# Dog hung on washing line!



## Nic123100 (Jun 13, 2009)

Saw this in the paper on the way home today, poor thing. Hate stupid t:censor:s like the person who did this 

Jerzon Senador's Facebook photo sparks outrage after hanging pet dog on washing line to dry | Metro.co.uk










Senador’s photos show the dog dangling in his back yard from five pegs attached to its fur. 

The teen said he carried out the stunt because he was bored and boasted he would not be jailed for what he said was ‘washing’ his dog.
Jerzon Senador

But when the story made national television news in the Philippines, he took down the pictures and posted an apology. ‘To all animal lovers and to people all over the world please read this,’ he wrote.

‘I would like to ask for forgiveness for the wrong I’ve done against my dog. I hope you could forgive me and I promise it will never happen again.’

However, it did little to appease the many animal lovers who have signed up to a number of pages set up to express their outrage, including one called ‘Jerzon Senador The Animal Abuser’.

‘Forgive? Never,’ wrote Melvin John Girado, who warned Senador that he was being hunted down by his college fraternity brothers. 

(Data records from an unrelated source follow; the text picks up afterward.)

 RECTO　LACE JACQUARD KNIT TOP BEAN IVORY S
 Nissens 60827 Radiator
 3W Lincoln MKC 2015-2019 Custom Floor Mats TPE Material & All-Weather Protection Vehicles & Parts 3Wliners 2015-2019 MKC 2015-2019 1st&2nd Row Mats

The Facebook link was also picked up by animal rights activists, including the People for the Ethical Treatment of Animals, which has launched an investigation. ‘We hope that Philippine prosecutors will take action and prosecute this young man,’ said Peta legal officer Agnes Tam. ‘This is not child’s play, this is blatant animal cruelty,’ 

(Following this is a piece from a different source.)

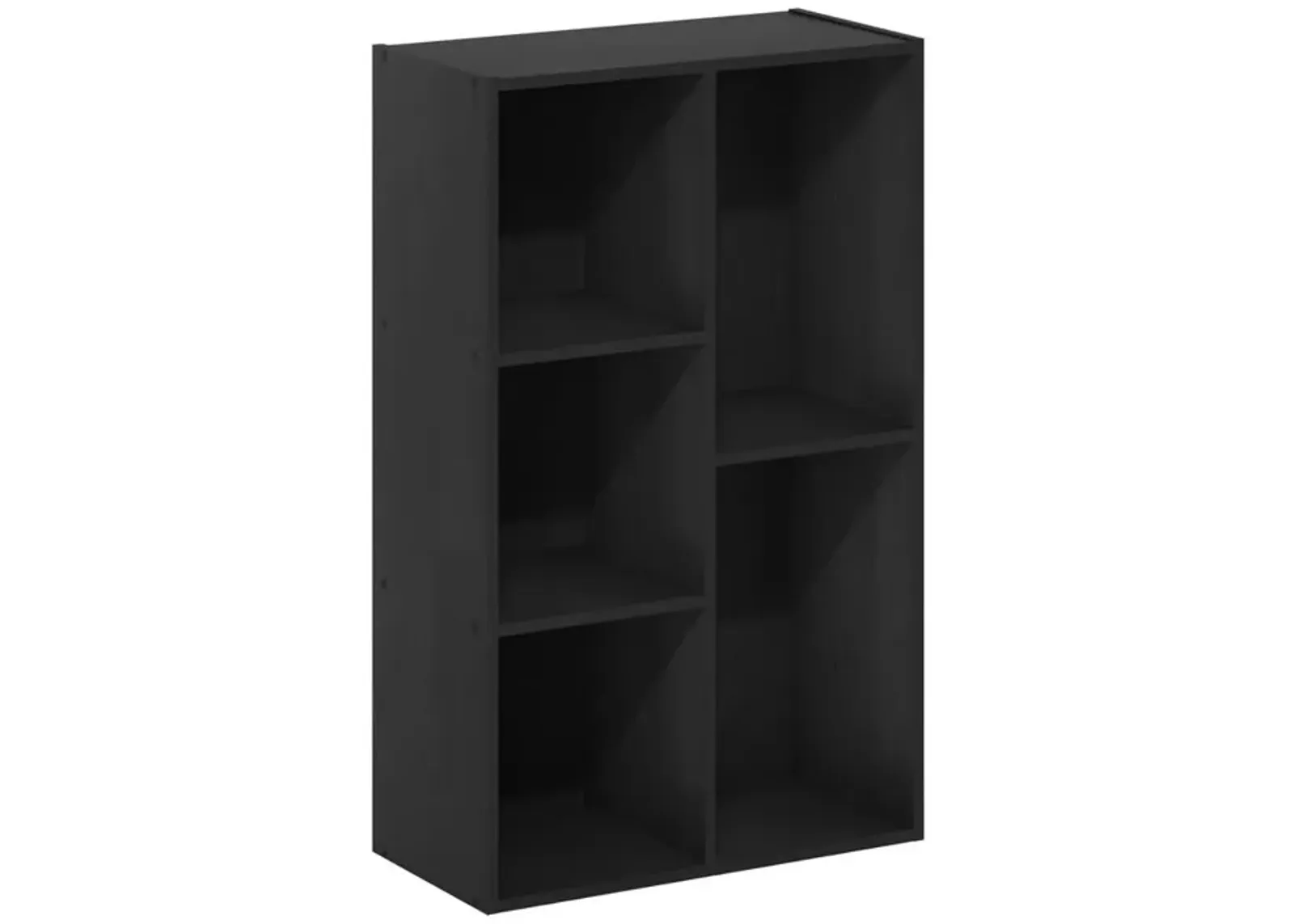 Furinno Luder 5-Cube Reversible Open Shelf, Blackwood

Peta has asked police and other animal rights groups to help search for Senador, who according to his Facebook page lives in a suburb south of Manila. 

While Ms Tam acknowledged internet pranks were common, she said she believed the photos were not a hoax. 

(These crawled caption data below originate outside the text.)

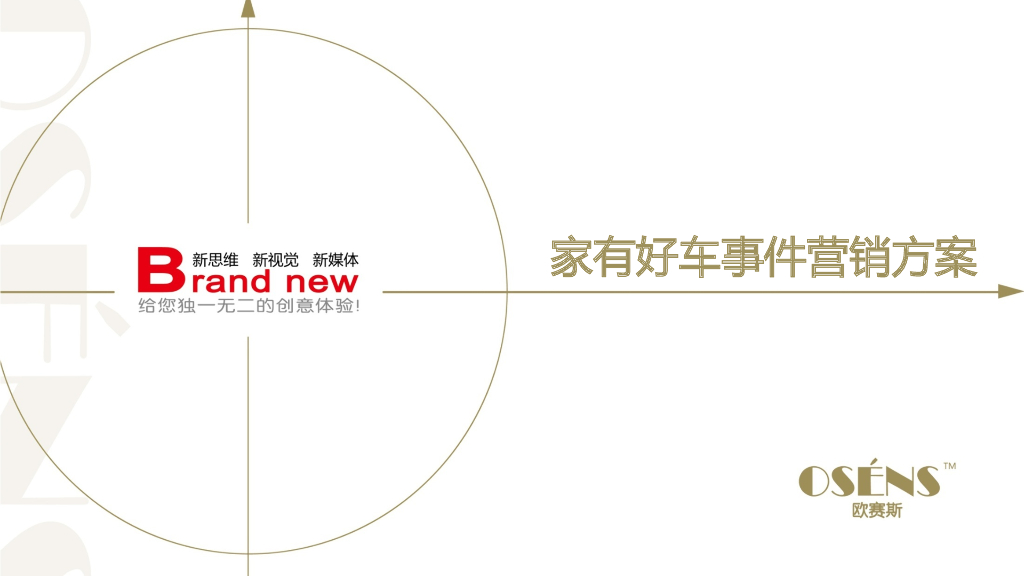 知名二手车交易平台网络事件营销策划创意方案-欧赛斯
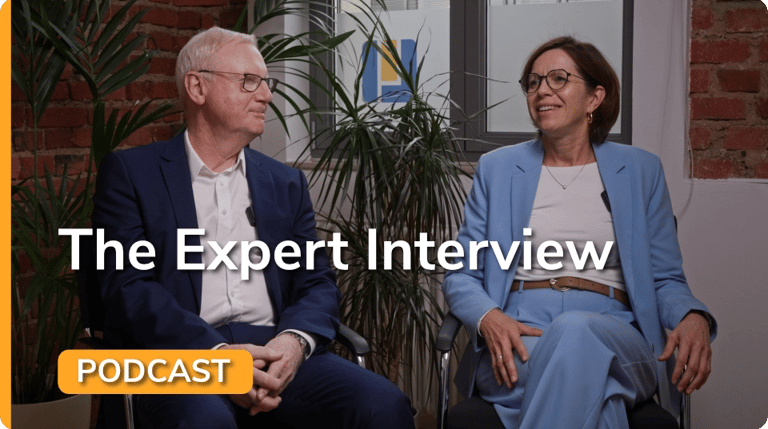 Professional B2B video podcast studio setup by Podcast King featuring an expert interview about tax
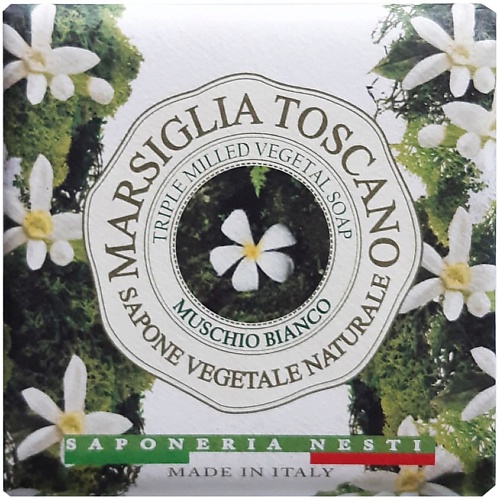 NESTI DANTE Мыло Marsiglia Toscano Muschio Bianco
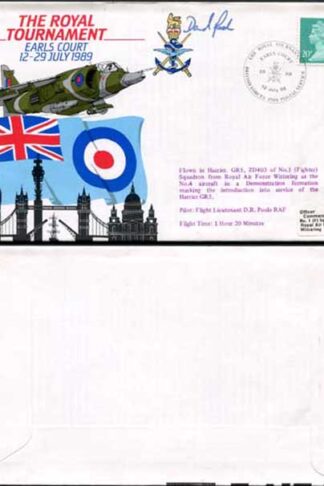 AC39bP The Royal Tournament Earls Court Signed by D.R. Poole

Cruelty to animals in the Philippines is punishable by up to two years in jail. Last month, a university student was fined £28 and given two months community service for killing a cat.


----------



## cloggers (Mar 13, 2010)

I saw this on sky news this morning, they were thinking of ways to inflict pain on the guy that did it, really makes me wonder :devil:


----------



## Nic123100 (Jun 13, 2009)

cloggers said:


> I saw this on sky news this morning, they were thinking of ways to inflict pain on the guy that did it, really makes me wonder :devil:


When I saw it in the paper I was disgusted, his comment about not being jailed for 'washing his dog' surely he cannot be that stupid to realise how cruel that was. Poor puppy deserves a better own then that.


----------



## Nightfirez (Sep 28, 2010)

should have taken it here  

The cruel Japanese dog washing machine will never catch on in pet-friendly Britain – Telegraph Blogs


----------



## rubberbiscuit (Jan 5, 2009)

Its the pathetic fake apologies afterwards when he realiesed how much trouble he was going to get into that annoy me.:devil:


----------



## Mikaela (Sep 4, 2010)

I saw this, on one site it said he'd put it through the washing machine first but I don't believe it as I don't think the puppy would have survived.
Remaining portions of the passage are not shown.